> Work order: Every entry below should be copied exactly, minus the pictures.

Collected data entries

* * *

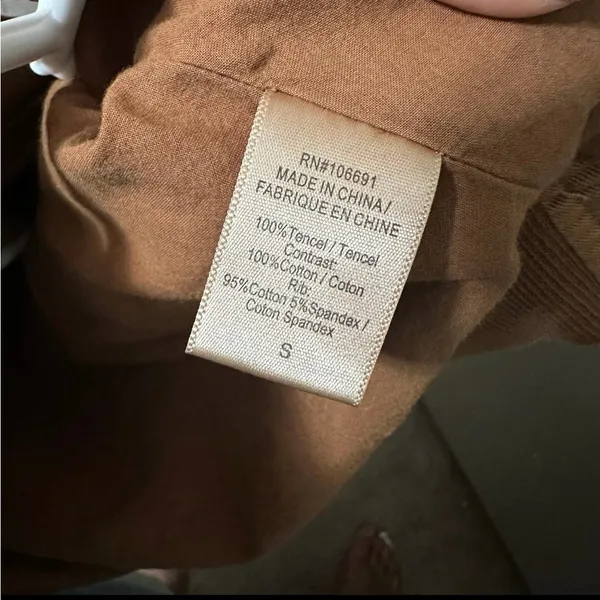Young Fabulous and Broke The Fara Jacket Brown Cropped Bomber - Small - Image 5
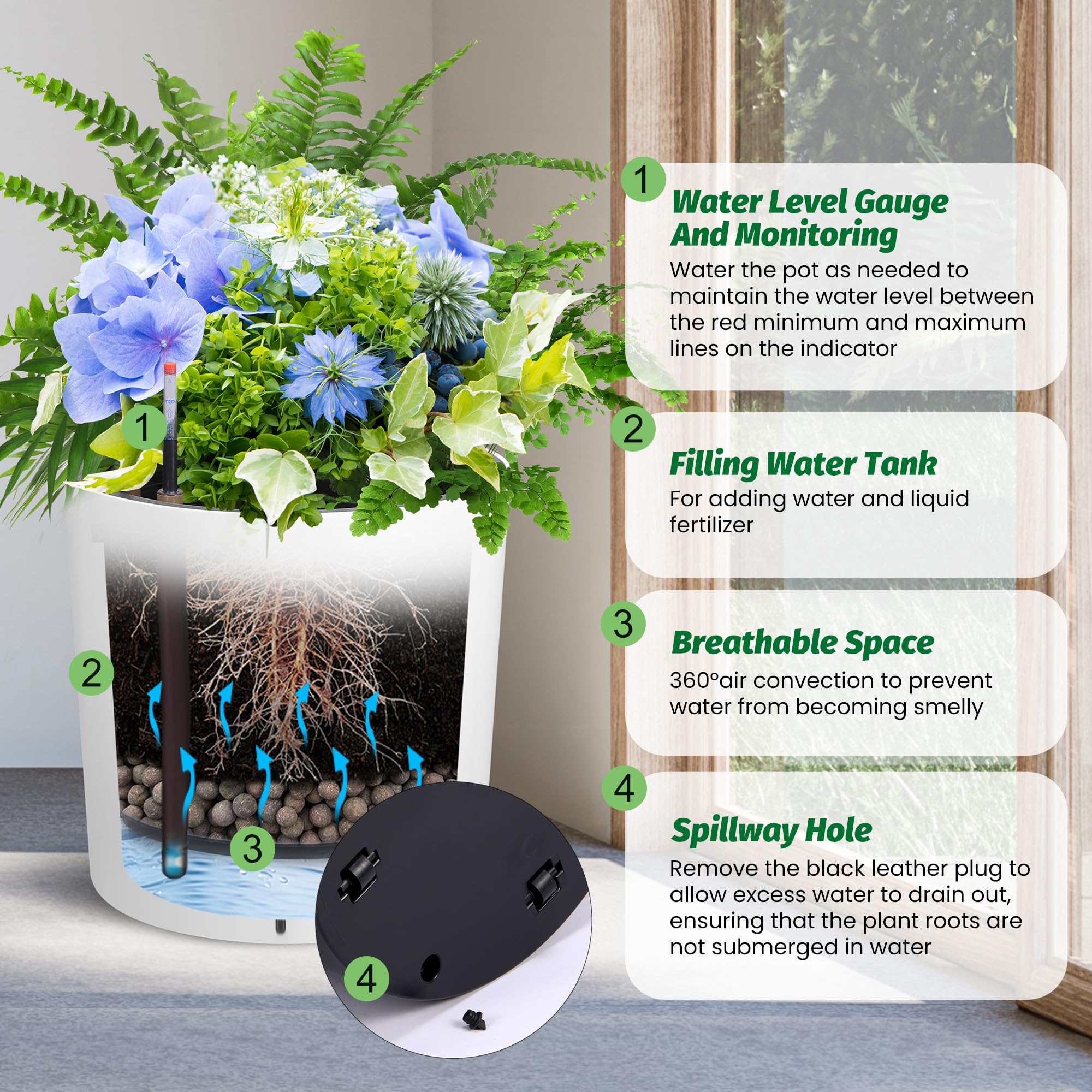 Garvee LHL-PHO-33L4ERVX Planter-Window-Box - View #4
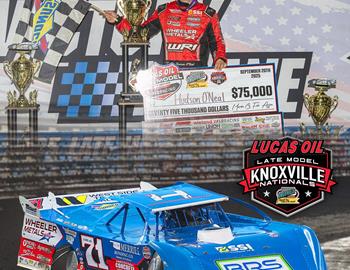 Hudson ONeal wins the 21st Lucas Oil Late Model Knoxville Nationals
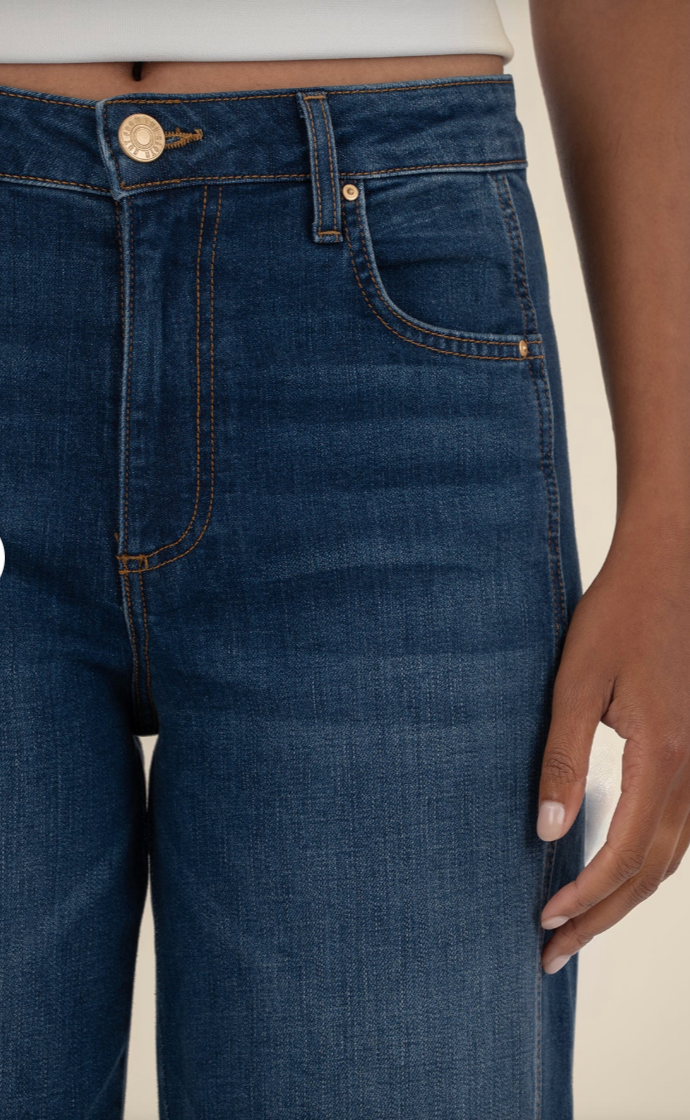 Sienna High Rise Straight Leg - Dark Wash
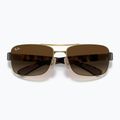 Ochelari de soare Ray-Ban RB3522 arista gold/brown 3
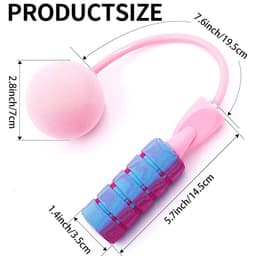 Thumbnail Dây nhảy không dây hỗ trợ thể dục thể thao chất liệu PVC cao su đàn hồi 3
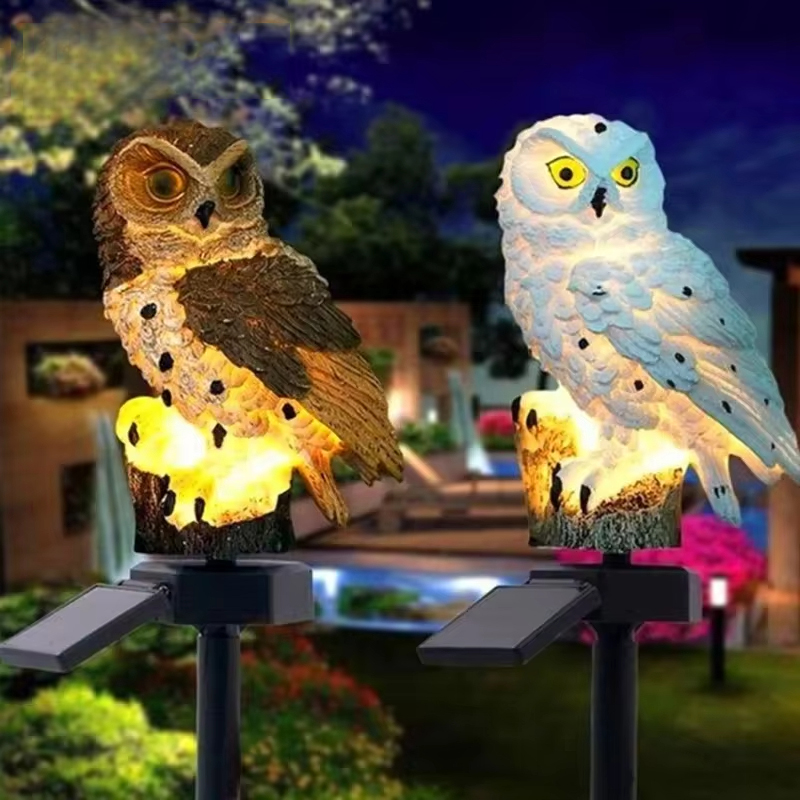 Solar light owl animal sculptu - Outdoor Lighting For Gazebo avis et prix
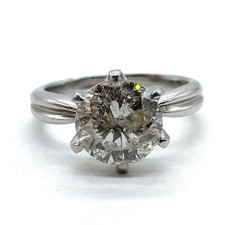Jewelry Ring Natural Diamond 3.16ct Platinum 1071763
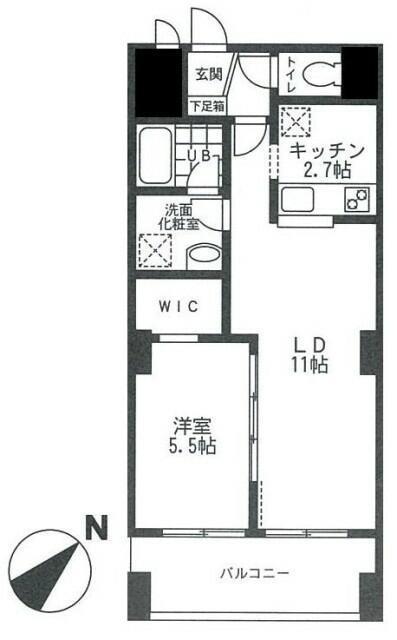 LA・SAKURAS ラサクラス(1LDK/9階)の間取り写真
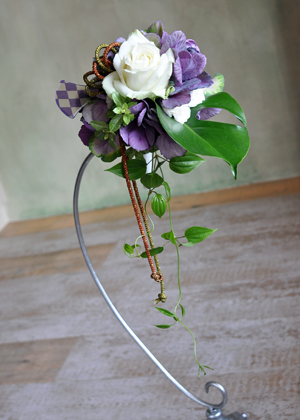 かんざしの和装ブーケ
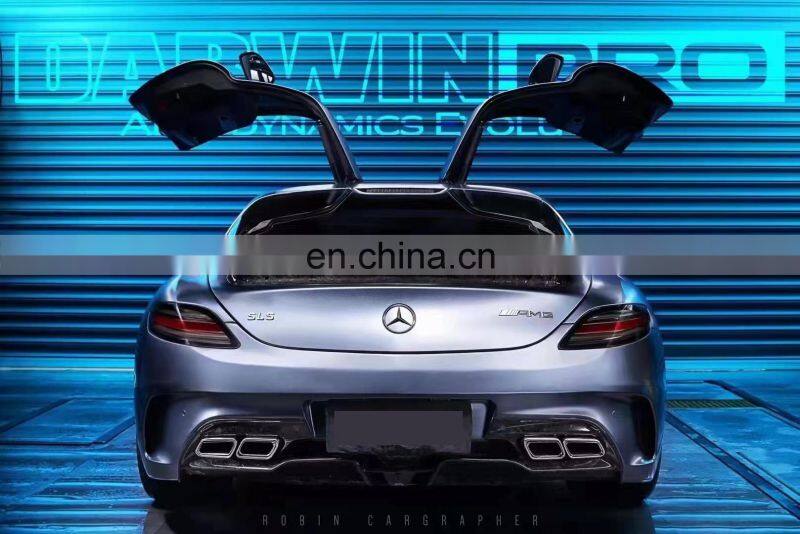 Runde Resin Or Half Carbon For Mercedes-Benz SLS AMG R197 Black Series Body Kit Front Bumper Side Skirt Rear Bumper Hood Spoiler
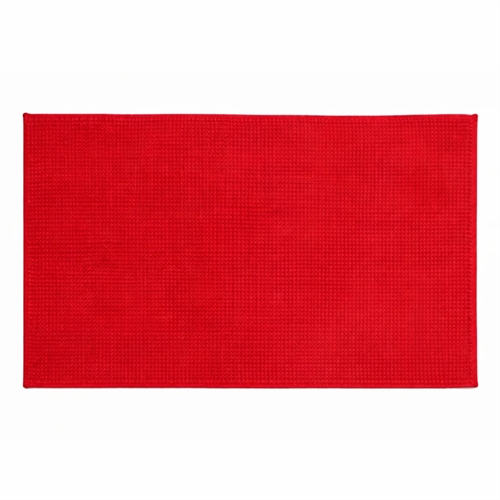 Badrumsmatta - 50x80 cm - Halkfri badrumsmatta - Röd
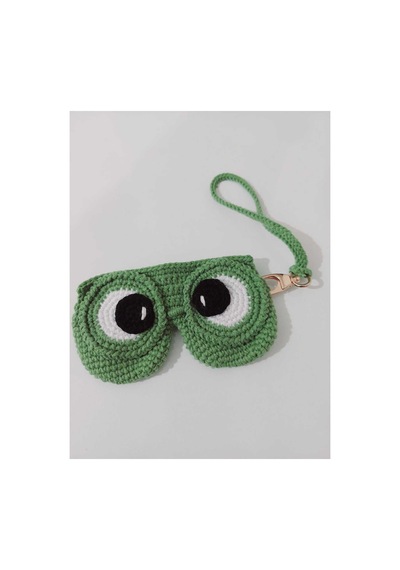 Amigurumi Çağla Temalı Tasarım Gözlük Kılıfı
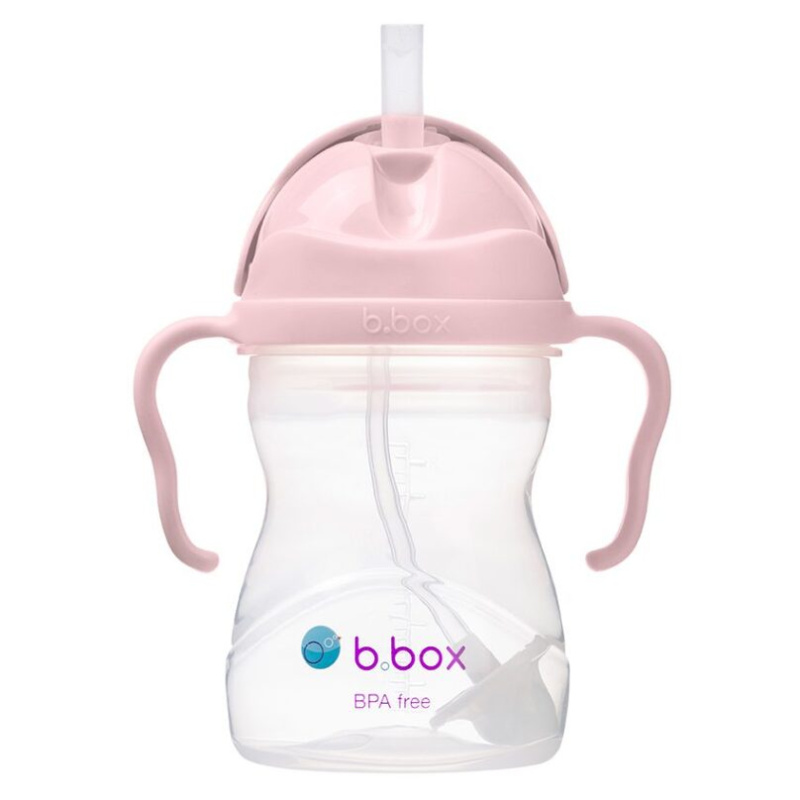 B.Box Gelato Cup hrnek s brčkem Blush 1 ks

* * *

> Result for this exercise:
Young Fabulous and Broke The Fara Jacket Brown Cropped Bomber - Small - Image 5
 Garvee LHL-PHO-33L4ERVX Planter-Window-Box - View #4
 Hudson ONeal wins the 21st Lucas Oil Late Model Knoxville Nationals
 Sienna High Rise Straight Leg - Dark Wash
 Ochelari de soare Ray-Ban RB3522 arista gold/brown 3
 Thumbnail Dây nhảy không dây hỗ trợ thể dục thể thao chất liệu PVC cao su đàn hồi 3
 Solar light owl animal sculptu - Outdoor Lighting For Gazebo avis et prix
Jewelry Ring Natural Diamond 3.16ct Platinum 1071763
 LA・SAKURAS ラサクラス(1LDK/9階)の間取り写真
 かんざしの和装ブーケ
 Runde Resin Or Half Carbon For Mercedes-Benz SLS AMG R197 Black Series Body Kit Front Bumper Side Skirt Rear Bumper Hood Spoiler
 Badrumsmatta - 50x80 cm - Halkfri badrumsmatta - Röd
 Amigurumi Çağla Temalı Tasarım Gözlük Kılıfı
 B.Box Gelato Cup hrnek s brčkem Blush 1 ks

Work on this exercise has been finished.